[DATA SHOWN — start]

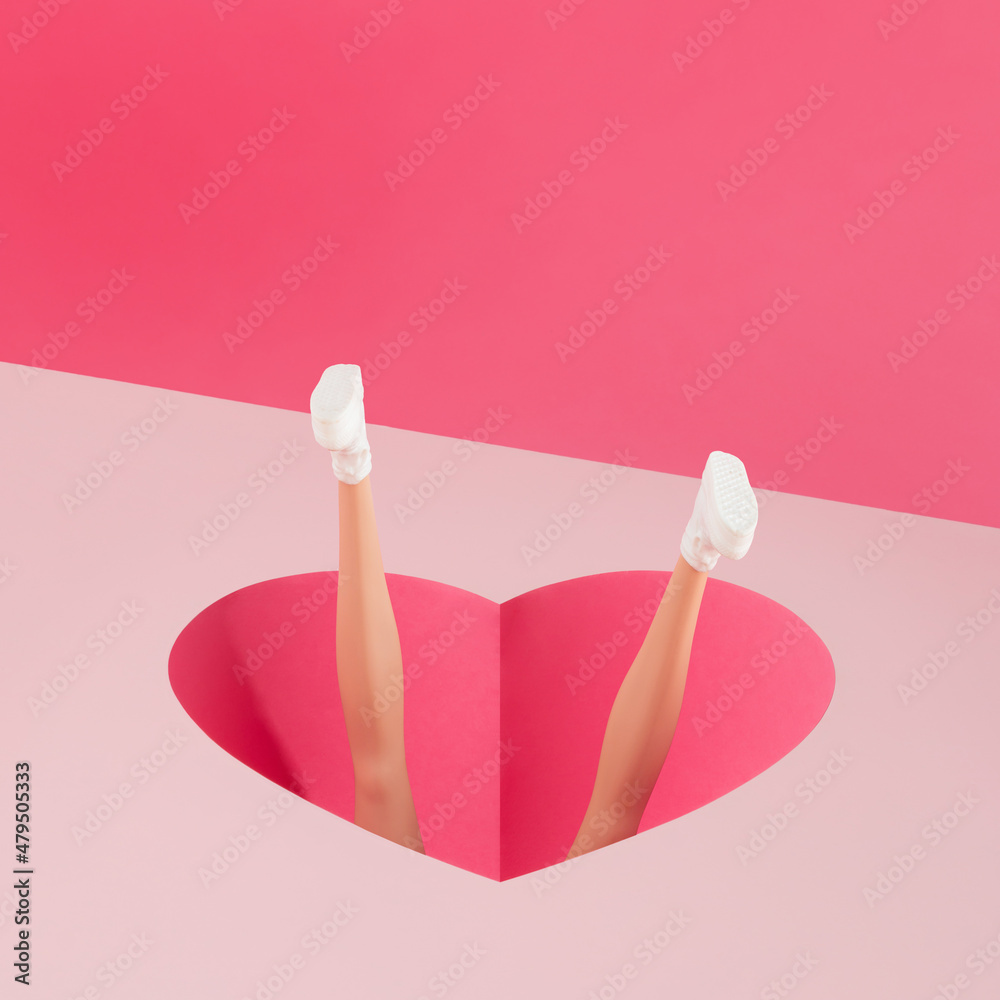 Female doll fell into a heart-shaped hole isolated on pastel pink background. Funny concept of falling in love. Valentine’s Day, Women’s Day or wedding greeting card, invitation card or gift card. 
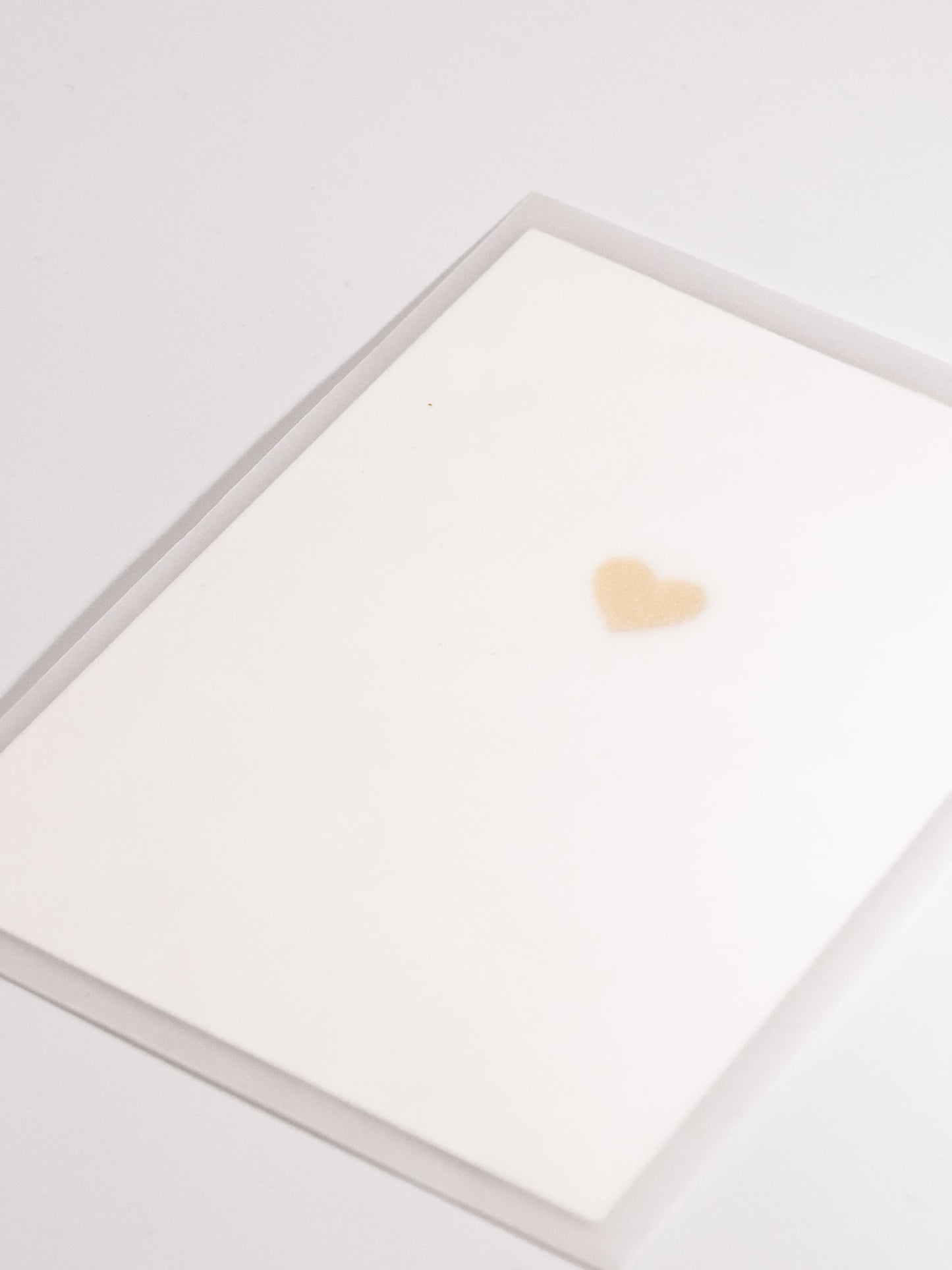Schlichte weisse Karte mit goldem Herz in transparentem Couvert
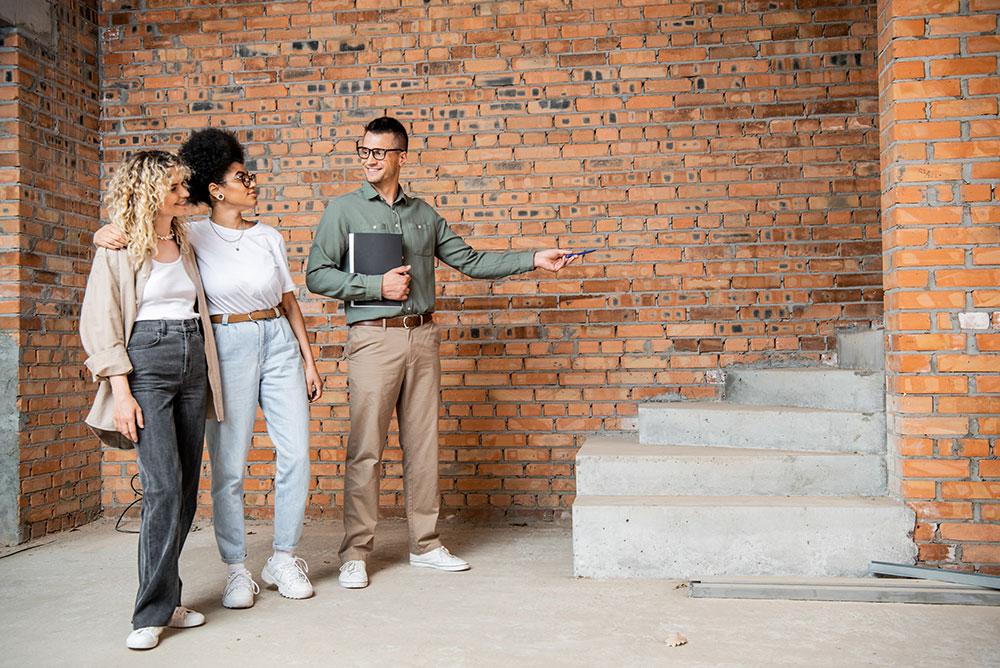 A man gestures toward a concrete staircase while two women stand together in front of an unfinished brick wall.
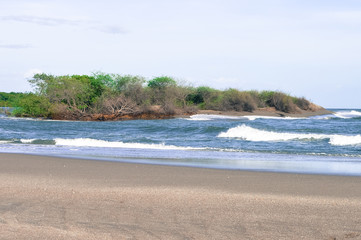 Obraz premium Beautiful beach on the Pacific ocean. This is Las Penitas - one of the closest beaches to the city of Leon, Nicaragua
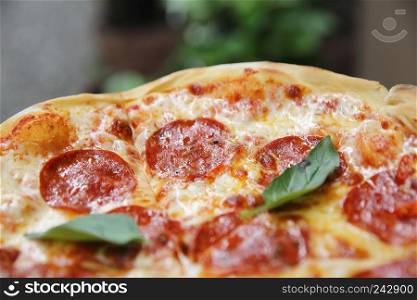 pepperoni pizza on wood background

[DATA SHOWN — finish]

= BRIEF =
Leave every picture out and return exactly the lines from the one holding "Schlichte weisse Karte" through the end of the records above, both ends included, and nothing more.

= REPLY TO THE TASK =
Schlichte weisse Karte mit goldem Herz in transparentem Couvert
 A man gestures toward a concrete staircase while two women stand together in front of an unfinished brick wall.
 Obraz premium Beautiful beach on the Pacific ocean. This is Las Penitas - one of the closest beaches to the city of Leon, Nicaragua
 pepperoni pizza on wood background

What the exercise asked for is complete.